Telle est la quintessence d’une Mise au point publié ce 2 mars 2022 par le Collectif des enseignants « On a trop souffert » (Ots).
D’emblée il convient d’observer que dans la Mise au point qui répond au communiqué gouvernemental publié la veille, « Ots » se désolidarise de la signature de ceux des enseignants qui y ont participé en son nom car de ce côté on est formel, le gouvernement n’a pas convié ses membres. Tout en saluant les efforts du gouvernement dans la résolution des problèmes posés par les enseignants, « Ots regrette de n’avoir pas été associé à ces échanges. De ce fait, il n’assume aucunement toute signature en bas de ce communiqué portant la mention « Ots » », lit-on dans la Mise au point. Plus concrète encore, ce collectif des enseignants revient sur les résolutions au terme de la rencontre avec le gouvernement et déplore dans un premier temps l’absence d’un échéancier clair et précis en vue de l’épuration de la dette due aux enseignants. Il s’agit notamment, précise le Collectif Ots, du paiement des arriérés liés à l’office du Baccalauréat qu’on aurait pu préciser par exemple « dès la semaine prochaine » tout comme le gouvernement aurait pu indiquer que le paiement des compléments de salaire se fera « dès la fin de ce mois au plus tard ». Il en va de même du paiement des avancements dont le gouvernement ne met nullement sur la table un échéancier de paiement. Le Collectif estime qu’en tout état de cause, cet échéancier ne devrait pas excéder trois mois. En ce qui concerne la proposition gouvernementale de discuter de l’application du statut particulier de l’enseignant, ces derniers regrettent l’absence d’une date précise à partir de laquelle cela se fera. Joint au téléphone, Hubert Lipem II, enseignant au Lycée technique de Nkongsamba, signataire de la Mise au point, affirme que ceux des leurs qui sont allés à la réunion à la Primature n’étaient mandatés par personne, qu’ils y sont allés de leur propre chef. Il confie qu’ils ont appris que cette rencontre était prévue mais que les membres du collectif Ots ont attendu en vain une invitation.

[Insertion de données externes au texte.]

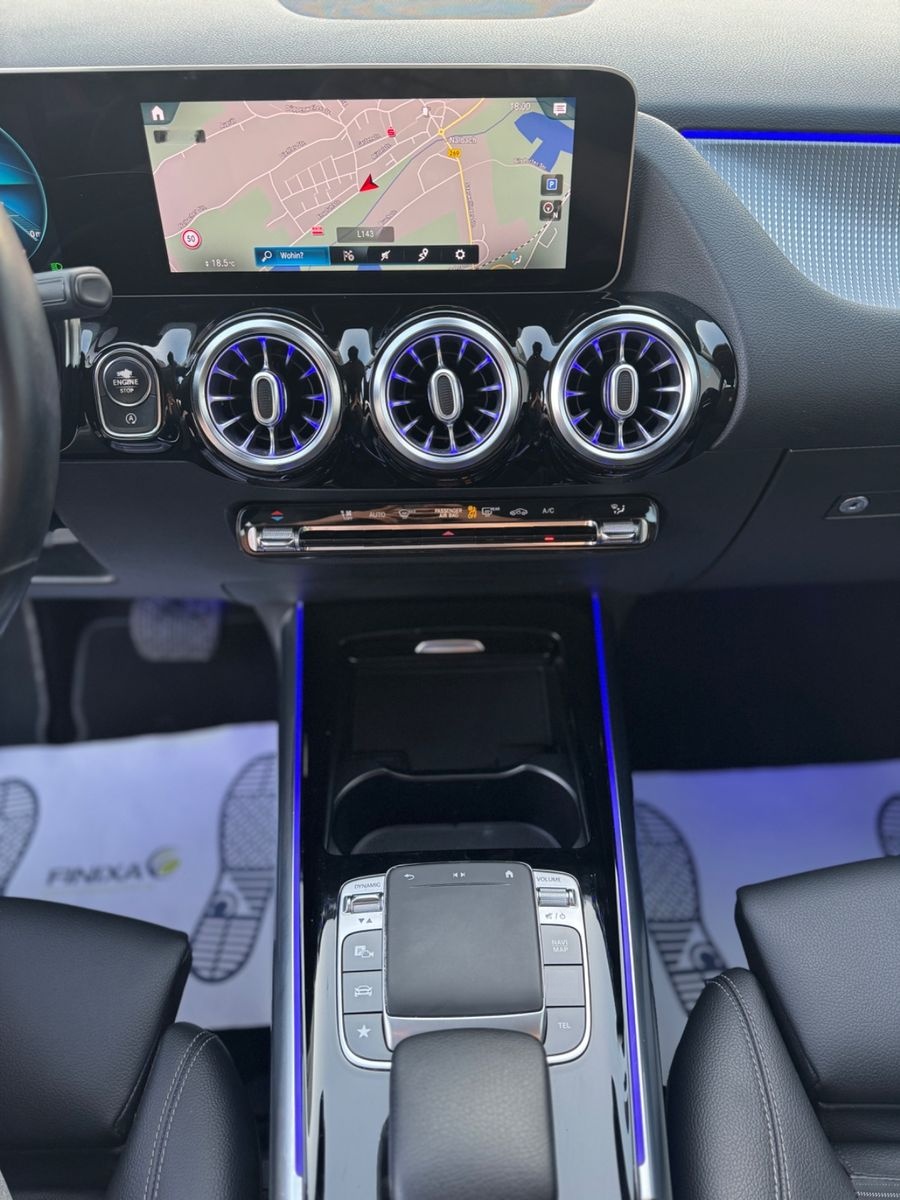 Mercedes-Benz B 180 d WIDESCREEEN/MEMORY-PAKET/KAMERA foto 12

Le gouvernement pris à son piège ou division du collectif « Ots » ?
Dans le communiqué signé ce mardi 1er mars, suite à la réunion entre le gouvernement (le ministre des Enseignements secondaires, le ministre du Travail et de la sécurité sociale, le Secrétaire adjoint des services du Premier ministre ainsi que ses principaux collaborateurs) et les enseignants (les représentants des collectifs des enseignants et les syndicats des enseignants), on apprend effectivement que le gouvernement s’est engagé à poursuivre avec les syndicats et collectifs des enseignants les travaux entamés, « afin de régler les problèmes clairement posés suivant un ordre de priorités et de clauses de rendez-vous arrêtés de manière consensuelle ». Effectivement on y retient qu’il s’agit entre autres du règlement des compléments de salaire, du paiement des arriérés dus aux enseignants mobilisés dans le cadre de la correction des examens officiels organisés par l’Office du Baccalauréat du Cameroun (Obc), au titre des sessions de juins de 2020 à 2021 ; de la régularisation des avancements ; de la prise en compte des primes de non logement ; du paiement des allocations familiales. Par ailleurs, il est indiqué que « les autres problèmes relatifs à la carrière des enseignants et à leur statut feront l’objet de concertations ultérieures selon un calendrier arrêté d’accord parties. Les syndicats et les collectifs ont pris acte de cet agenda ». Pour conclure, on apprend de ce document officiel que les membres des collectifs Ots ont accepté d’inviter leurs membres à arrêter l’opération « craie morte » et à suspendre le mot d’ordre de grève. C’est sur ce que le gouvernement a invité les membres de la communauté éducative à poursuivre normalement leurs activités pédagogiques sur toute l’étendue du territoire national, dans l’attente des diligences en cours. Ce document est signé par les collectifs des enseignants du secondaire, par les syndicats des enseignants et par le gouvernement.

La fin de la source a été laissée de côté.